En glorifiant Dieu en toute chose et en recherchant avant tout la manifestation de la gloire de Dieu envers les hommes, renés ou à renaître par grâce, l’Église, par ses bénédictions, loue le Seigneur pour eux et avec eux dans les circonstances particulières de leur vie et invoque sur eux la grâce de Dieu. En même temps, l’Église bénit aussi les objets et les lieux qui concernent soit l’activité humaine, soit la vie liturgique, la piété et la dévotion, en ayant cependant toujours sous les yeux les hommes qui se servent de ces objets et qui travaillent dans ces lieux. Car c’est l’homme, pour qui Dieu a voulu et fait tout ce qui existe et qui est bon, c’est l’homme qui est le réceptacle de sa sagesse et qui reconnaît, par les rites de bénédiction, qu’il use des créatures de manière à chercher, aimer Dieu et à le servir fidèlement lui seul6.

Tous les sacrements témoignent de l’importance de la bénédiction, particulièrement celui du mariage. Le rituel de ce sacrement est une litanie de bénédictions, une répétition de berakot qui concernent le passé, le présent et l’avenir des nouveaux époux. Si l’on étudie avec plus de précision le contenu de ces bénédictions, elles disent quelque chose de cette alliance homme-femme, de son symbolisme naturel, de son avenir et de sa mission dans l’Église, de ses propriétés spécifiques, de la relation entre le Christ et son Église qui l’imprègne.

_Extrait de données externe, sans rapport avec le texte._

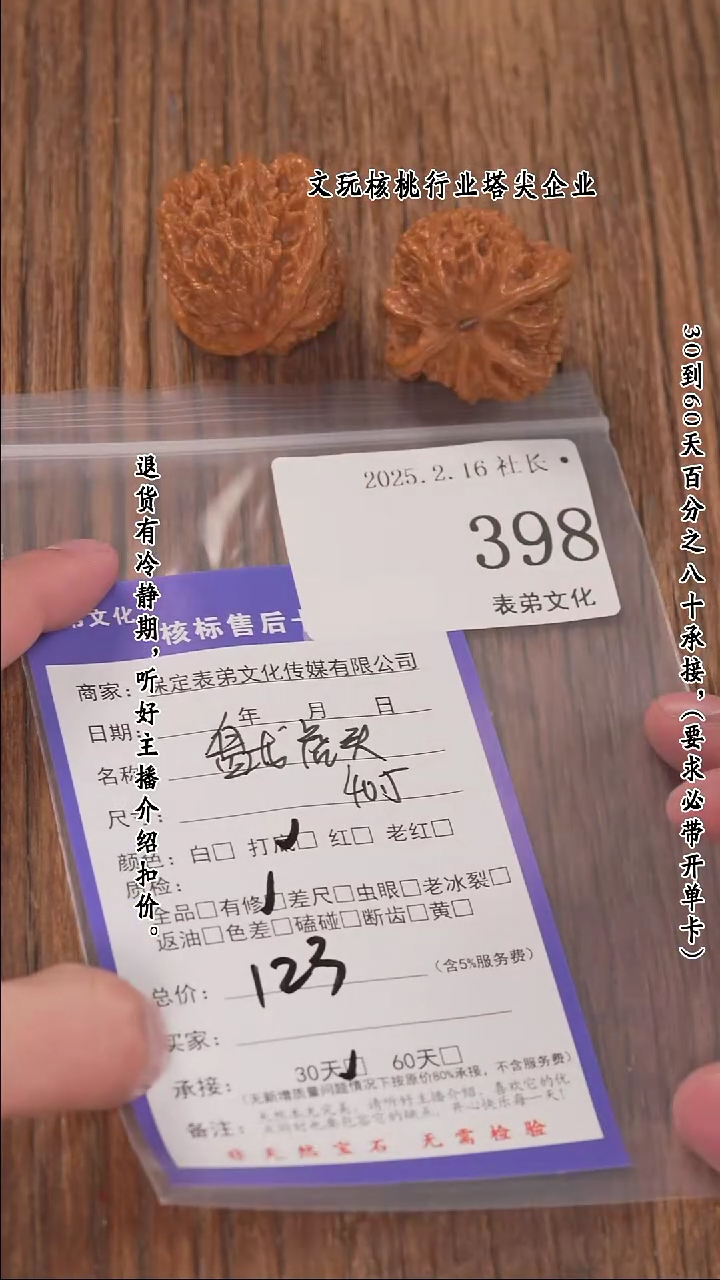 【闪购商品】文玩核桃把件398盘龙虎头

Par ailleurs, le Livre des bénédictions nous indique la variété des bénédictions possibles, depuis celles qui sont destinées aux personnes (familles, malades, catéchistes…) jusqu’à celles qui visent les activités humaines (nouvelle maison, bibliothèque, hôpital, locaux sportifs, animaux, champs et puits…) en passant par les objets pour le culte (fontaine baptismale, mobilier liturgique, chemin de croix, tombes…) et les objets de dévotion (chapelets, scapulaires, sources…). La bénédiction des objets est reliée aux personnes qui en useront et à la droite intention qui les guide. Une bonne partie du créé et du réel travaillé par l’humain est à considérer comme un bienfait de Dieu, et mérite qu’on Lui rende grâce. Il convient que les hommes puissent assurer la garde de la création à bon escient, pour Sa gloire et pour le service des frères et sœurs en humanité.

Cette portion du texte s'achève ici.